Sailor Mouth Saturday: Nelson's Blood

Today is a special occasion, a holiday in the truest sense of that word, for those of us who live and breathe  nautical history. On this day in 1758 Admiral Horatio 1st Viscount Nelson was born in Burnham Thorpe, Norfolk, England. Perhaps the greatest naval hero of modern times, it would take the U.S. another 50 plus years to produce his like in the person of Admiral David Farragut. And we've had some awesome naval heroes on this side of the pond, let me tell you.

But I digress. To honor The Great One, Triple P will stray a bit from the usual SMS format and give you a shanty instead. A shanty, that is, written to commemorate Nelson's life and tragic death. Known alternatively as "Nelson's Blood" or "The Golden Chariot", the song became popular among English speaking seaman not long after Nelson's death in 1805.

The phrasing, as with most sea songs, is repetitive and easy to sing. Various versions of the song exist (find my favorite, by The Corsairs, on their album "Songs from the Road" available for download here) but they all refer to Nelson's blood. Legend has it that the Admiral's body was packed in a barrel of rum for transport home aboard his flagship Victory. Men were said to sneak swigs from the barrel in order to gain a bit of Nelson's greatness. Thus rum took on the moniker: Nelson's Blood.

While the story may hold some truths, most of it is probably apocryphal Be that as it may, the shanty is a wonderful way to remember Admiral Nelson. It's also great to sing while hoisting a tankard of Nelson's blood.

A drop of Nelson's blood wouldn't do us any harm,
A drop of Nelson's blood wouldn't do us any harm,
A drop of Nelson's blood wouldn't do us any harm;
And we'll all hang down behind.

So we'll roll the Golden Chariot along,
We'll roll the Golden Chariot along,
We'll roll the Golden Chariot along;
And we'll all hang down behind.

The image is of men following Nelson's funeral wagon to the place of his burial, which many a Royal Navy sailor by land at the time did. Various other stanzas become more bawdy as they go, referring to things that "wouldn't do us any harm" such as a night in jail, a saucy wench and a fat old cook.
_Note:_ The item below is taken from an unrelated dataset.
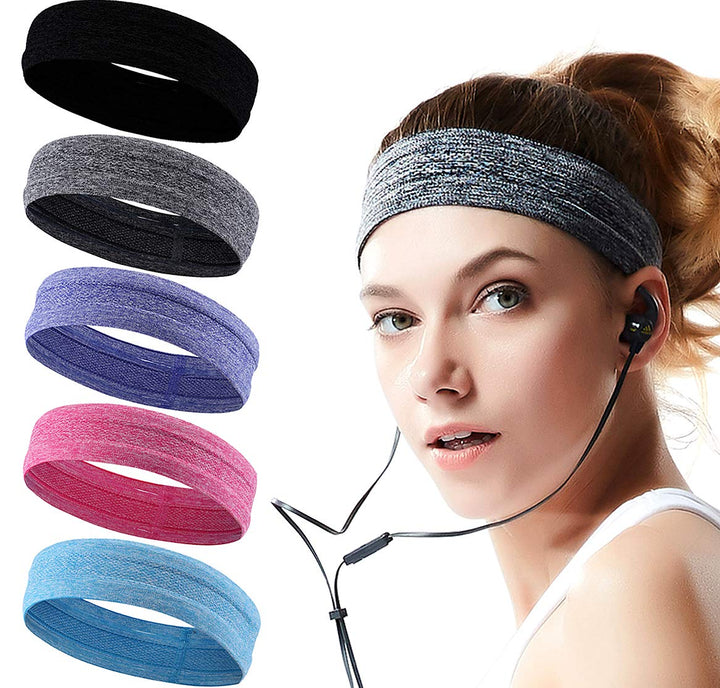 Sweat Band Headbands for Women, Sport Athletic Headband for Yoga Running Sports Travel, Non Slip Workout Headbands,Sweatband for Women Men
The chorus of following the Golden Chariot continues throughout and most singers of the shanty end with the drop of Nelson's blood refrain.
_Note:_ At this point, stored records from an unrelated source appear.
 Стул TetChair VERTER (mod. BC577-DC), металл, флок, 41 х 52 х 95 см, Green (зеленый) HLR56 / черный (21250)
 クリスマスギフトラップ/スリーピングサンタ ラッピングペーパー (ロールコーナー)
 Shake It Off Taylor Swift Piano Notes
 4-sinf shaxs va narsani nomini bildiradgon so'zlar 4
So, a mug o' grog and a hearty Huzzah! for Admiral Nelson. Happy Saturday, Brethren. May fair winds follow you, and your Nelson's blood always be the best of quality.

Header: The Apotheosis of Nelson by Pierre-Nicola LeGrand c 1818 via Wikipedia


Blue Lou Logan said...

...and a plate of Irish stew wouldn't do us any harm. Yum, stew.
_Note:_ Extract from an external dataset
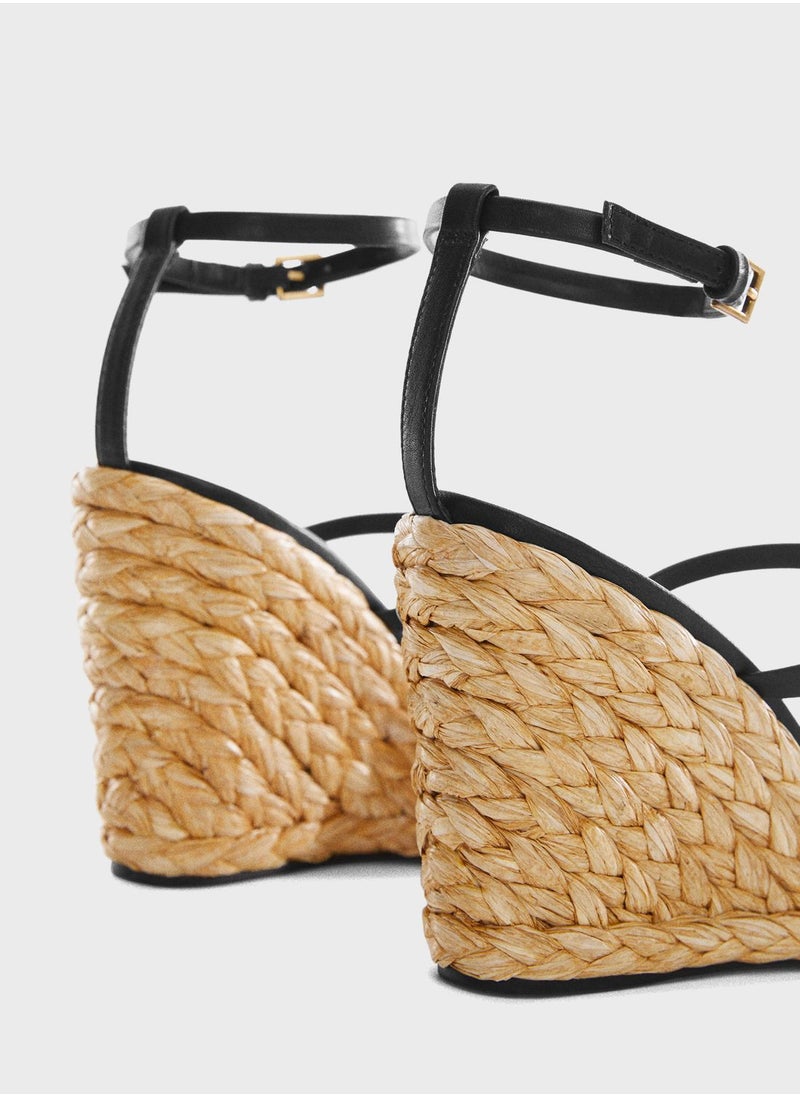 MANGO - Choco Wedge Sandals - Image 1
Wasn't gonna have another drink tonight (I'm done with antibiotics, YAY!!!), but I gotta raise one with you and the Brethren. Alas, the rum is cheap, but a pirate can't be picky between prizes (or paychecks). Here's to Nelson, and to Saturdays.

(PS--I'm getting some music ready over here for the Journal, too.)

Pauline said...

Cheers, mate! I'm with you on the antibiotics - 9 more treatments and I'm done with radiation.

Can't wait to see what you've got cooked up over at the Journal. Of course I think of you every time I do a "musical" post :)

Take care, brother; Huzzah!

Timmy! said...

Huzzah for Lord Nelson! And for the Corsairs, Pauline.

Pauline said...

Both are great, although tie goes to Admiral Nelson I must say.

Charles L. Wallace said...

Ah, Nelson! What a great story, Pauline, and thankee.... indeed, a drop of Nelson's blood wouldn't do no harm: (Nelson - my mother's maiden name ;-)

Rick said...

My dad used to sing this with an a capella folk quartet he was in - I think, though, they used to sing 'the old chariot' rather than the golden chariot! Still a rousing shanty!

Rick said...

Nearly forgot - got an idea for a Sailor Mouth Saturday for you Pauline - Killick. Not only a term for an improvised anchor, 'tis a nickname for a leading RN seaman and the name of Aubrey's steward!!

Pauline said...

Wally: Seriously? Maybe you're related? You've got the sea in your blood either way :)

Rick: It's a good one, and nice to hear around the house as well as the dock. Killick's a good one, too. It will also be an opportunity to talk about dear old Preserved as you note.